European Union leaders were meeting to discuss migration to the bloc and how to stop the influx of refugees arriving via neighbouring Belarus.
EU members Poland and Lithuania have been struggling to cope with an unusually high number of migrants arriving at their borders with
Belarus in recent months.
The European Union is accusing President Alexander Lukashenko’s regime of using them to destabilise the 27-country bloc in retaliation for EU sanctions.
“We have to be decisive. We need decisions. We need actions and we should do this as soon as possible,” Lithuanian president Gitanas Nauseda said ahead of the talks.
Mr Nauseda was pushing for a review of the bloc’s legislation on migration policy to take into account the situation at the EU’s eastern borders.
According to Lithuanian media, he would be seeking EU funding for a physical barrier on the Baltic country’s border with Belarus.
Other EU states have been thinking about building fences. Earlier this month, the Polish government approved a Bill that would regulate the construction of a high barrier with motion sensors on the border with Belarus to deter people from crossing.
Thousands of migrants have been lured to Belarus on tourist visas and encouraged to cross into Poland, Lithuania and to a lesser extent Latvia.
Several people have died of exhaustion at the Polish-Belarusian border since August, when large numbers of people from Iraq, Iran, Syria and Afghanistan, but also from Africa, started trying to cross, hoping to eventually reach western European nations.

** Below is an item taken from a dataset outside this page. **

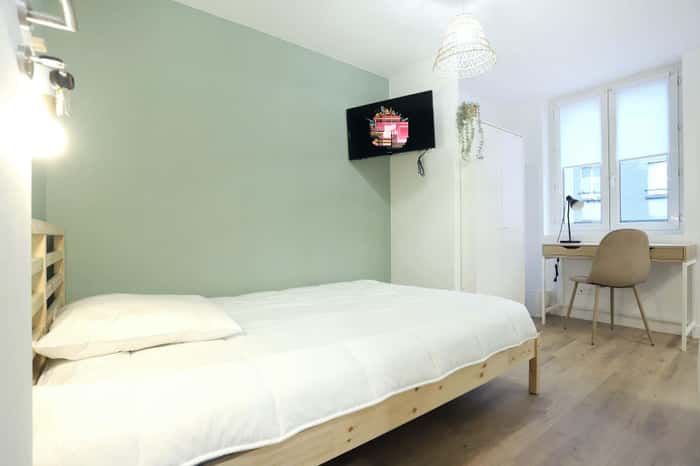 Listing photo thumbnail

Germany said it had noticed an increase of illegal entries along the German-Polish border since August, registering about 4,500 such entries.
According to a draft of the meeting’s conclusions, EU leaders would agree that they would not “accept any attempt by third countries to instrumentalise migrants for political purposes” and condemn “such hybrid attacks at the EU’s borders”.

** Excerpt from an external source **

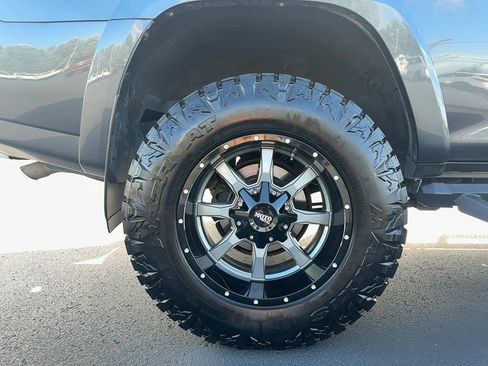 Used 2019 Toyota 4Runner TRD Off-Road Premium AWD/4WD image 5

Josep Borrell, the EU’s top diplomat, said leaders would also looked at ways to stop airlines carrying migrants to Belarus.
“We have to hold the Belarusian government accountable for these actions, but also to have a look at the airlines and travel operators who are co-operating with this way of using human beings as arms, pushing (them) against the border, creating situations in which there is an extraordinary violation of human rights,” he said.
The migration numbers began increasing a year ago after the EU imposed sanctions on Mr Lukashenko’s government over the August 2020 presidential election, which the West views as rigged, and the security crackdown on the Belarusian opposition and peaceful protesters that followed.
Migration has been a sensitive and divisive topic since the arrival in Europe in 2015 of more than one million migrants, most of them refugees fleeing conflict in Syria. The exodus sparked one of the EU’s biggest political crises and member states have yet to find an agreement on a system that would guarantee shared responsibility for the new arrivals.